Meet KIM Waaaaaade at the Entergy Tent. For five pesos, Kim will sell you a chance to win a deed to a crack house on Ridgeway Street stuffed in the Howard Industries pinata. Don't worry if the pinata is beaten to shreds, as Mr. Wade has Jose, Emmanuel, and Carlos, all illegal immigrants, available as replacements for the it. Upon leaving the Entergy tent, fig leaves will be available in case Entergy literally takes everything you have as part of its Trollfest ticket price adjustment charge.

Donna Ladd of The Jackson Free Press will give several classes on learning how to write. Smearing, writing without factchecking, and reporting only one side of a story will be covered. A donation to pay their taxes will be accepted and she will be signing copies of their former federal tax liens. Ms. Ladd will give a dramatic reading of her two award-winning essays (They received The Jackson Free Press "Best Of" awards.) "Why everything is always about me" and "Why I cover murders better than anyone else in Jackson".

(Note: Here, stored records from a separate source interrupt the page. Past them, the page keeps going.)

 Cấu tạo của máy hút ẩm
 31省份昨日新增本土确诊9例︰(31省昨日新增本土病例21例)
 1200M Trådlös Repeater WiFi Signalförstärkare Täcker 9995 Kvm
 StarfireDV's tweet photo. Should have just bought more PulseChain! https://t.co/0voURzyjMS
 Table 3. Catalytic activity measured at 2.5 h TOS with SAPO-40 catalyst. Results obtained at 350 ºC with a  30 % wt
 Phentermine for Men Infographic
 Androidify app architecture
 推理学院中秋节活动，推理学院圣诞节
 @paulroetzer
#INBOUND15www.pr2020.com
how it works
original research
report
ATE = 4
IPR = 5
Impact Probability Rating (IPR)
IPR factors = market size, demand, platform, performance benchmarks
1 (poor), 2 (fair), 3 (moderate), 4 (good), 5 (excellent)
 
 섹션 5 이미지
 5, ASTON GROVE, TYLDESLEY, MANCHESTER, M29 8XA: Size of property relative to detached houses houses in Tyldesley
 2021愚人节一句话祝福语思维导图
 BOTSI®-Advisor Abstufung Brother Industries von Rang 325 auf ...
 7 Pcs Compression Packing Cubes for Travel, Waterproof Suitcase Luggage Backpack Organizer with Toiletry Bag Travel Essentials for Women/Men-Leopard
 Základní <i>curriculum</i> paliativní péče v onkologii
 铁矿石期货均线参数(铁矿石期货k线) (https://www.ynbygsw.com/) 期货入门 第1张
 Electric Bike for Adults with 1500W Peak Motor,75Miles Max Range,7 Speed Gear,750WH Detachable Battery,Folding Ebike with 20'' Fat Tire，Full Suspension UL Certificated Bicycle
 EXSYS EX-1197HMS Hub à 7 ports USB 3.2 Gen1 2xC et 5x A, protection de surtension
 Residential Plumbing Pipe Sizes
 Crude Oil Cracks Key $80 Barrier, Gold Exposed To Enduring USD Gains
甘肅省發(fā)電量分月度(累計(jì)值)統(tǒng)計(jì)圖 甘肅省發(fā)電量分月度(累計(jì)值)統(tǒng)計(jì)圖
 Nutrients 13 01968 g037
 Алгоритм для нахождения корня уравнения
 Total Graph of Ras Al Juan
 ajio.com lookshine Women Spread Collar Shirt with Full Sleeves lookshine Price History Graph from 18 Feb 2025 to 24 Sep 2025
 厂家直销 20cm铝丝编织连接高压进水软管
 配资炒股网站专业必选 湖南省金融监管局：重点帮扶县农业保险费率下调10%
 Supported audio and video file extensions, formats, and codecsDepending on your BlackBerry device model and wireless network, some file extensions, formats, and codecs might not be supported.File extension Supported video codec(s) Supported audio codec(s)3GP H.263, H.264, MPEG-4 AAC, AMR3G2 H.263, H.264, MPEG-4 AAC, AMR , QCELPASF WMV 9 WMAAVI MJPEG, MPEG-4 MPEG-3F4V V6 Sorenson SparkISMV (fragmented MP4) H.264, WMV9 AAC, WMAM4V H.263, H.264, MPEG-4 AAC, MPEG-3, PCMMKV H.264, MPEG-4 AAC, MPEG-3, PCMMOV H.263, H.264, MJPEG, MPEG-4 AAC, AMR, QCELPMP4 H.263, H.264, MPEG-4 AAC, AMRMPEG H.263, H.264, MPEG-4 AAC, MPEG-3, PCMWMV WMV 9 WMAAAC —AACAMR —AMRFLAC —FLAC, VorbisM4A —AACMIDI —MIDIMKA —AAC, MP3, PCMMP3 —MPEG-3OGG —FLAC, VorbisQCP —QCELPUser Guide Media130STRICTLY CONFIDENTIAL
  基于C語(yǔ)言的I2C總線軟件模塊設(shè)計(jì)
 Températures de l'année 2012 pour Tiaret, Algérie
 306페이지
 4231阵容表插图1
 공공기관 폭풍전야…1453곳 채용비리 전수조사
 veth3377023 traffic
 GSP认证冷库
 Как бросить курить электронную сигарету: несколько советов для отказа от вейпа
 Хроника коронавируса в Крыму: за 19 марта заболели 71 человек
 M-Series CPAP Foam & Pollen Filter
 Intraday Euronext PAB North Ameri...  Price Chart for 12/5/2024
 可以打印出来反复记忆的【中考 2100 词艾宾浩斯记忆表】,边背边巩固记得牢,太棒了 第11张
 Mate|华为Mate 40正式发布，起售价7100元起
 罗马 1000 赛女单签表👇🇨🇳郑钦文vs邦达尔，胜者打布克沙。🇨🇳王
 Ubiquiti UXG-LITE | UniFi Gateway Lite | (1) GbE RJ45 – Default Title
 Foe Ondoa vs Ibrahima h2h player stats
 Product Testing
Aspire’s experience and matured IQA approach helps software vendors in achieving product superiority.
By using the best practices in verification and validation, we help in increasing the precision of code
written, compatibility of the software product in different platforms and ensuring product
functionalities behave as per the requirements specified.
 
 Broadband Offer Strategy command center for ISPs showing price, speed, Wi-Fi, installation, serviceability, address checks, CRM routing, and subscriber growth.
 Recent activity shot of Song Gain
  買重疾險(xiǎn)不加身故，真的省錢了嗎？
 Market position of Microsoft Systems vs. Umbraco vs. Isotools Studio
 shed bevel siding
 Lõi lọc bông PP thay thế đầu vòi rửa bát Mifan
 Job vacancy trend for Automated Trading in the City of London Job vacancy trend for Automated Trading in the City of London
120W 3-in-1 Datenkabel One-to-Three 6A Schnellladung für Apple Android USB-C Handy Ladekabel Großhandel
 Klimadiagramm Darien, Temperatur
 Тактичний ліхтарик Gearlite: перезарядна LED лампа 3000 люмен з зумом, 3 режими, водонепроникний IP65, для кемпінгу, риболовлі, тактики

In the spirit of helping those who are less fortunate, Trollfest '09 adopts a cause for which a portion of the proceeds and donations will be donated: Keeping Frank Melton in his home. The “Keep Frank Melton From Being Homeless” booth will sell chances for five dollars to pin the tail on the jackass. John Reeves has graciously volunteered to be the jackass for this honorable excursion into saving Frank's ass. What's an ass between two friends after all? If Mr. Reeves is unable to um, perform, Speaker Billy McCoy has also volunteered as when the word “jackass” was mentioned he immediately ran as fast as he could to sign up.


In order to help clean up the legal profession, Adam Kilgore of the Mississippi Bar will be giving away free, round-trip plane tickets to the North Pole where they keep their bar complaint forms (which are NOT available online). If you don't want to go to the North Pole, you can enjoy Brant Brantley's (of the Mississippi Commission on Judicial Performance) free guided tours of the quicksand field over by High Street where all complaints against judges disappear. If for some reason you are unable to control yourself, never fear; Judge Houston Patton will operate his jail where no lawyers are needed or allowed as you just sit there for minutes... hours.... months...years until he decides he is tired of you sitting in his jail. Do not think Judge Patton is a bad judge however as he plans to serve free Mad Dog 20/20 to all inmates.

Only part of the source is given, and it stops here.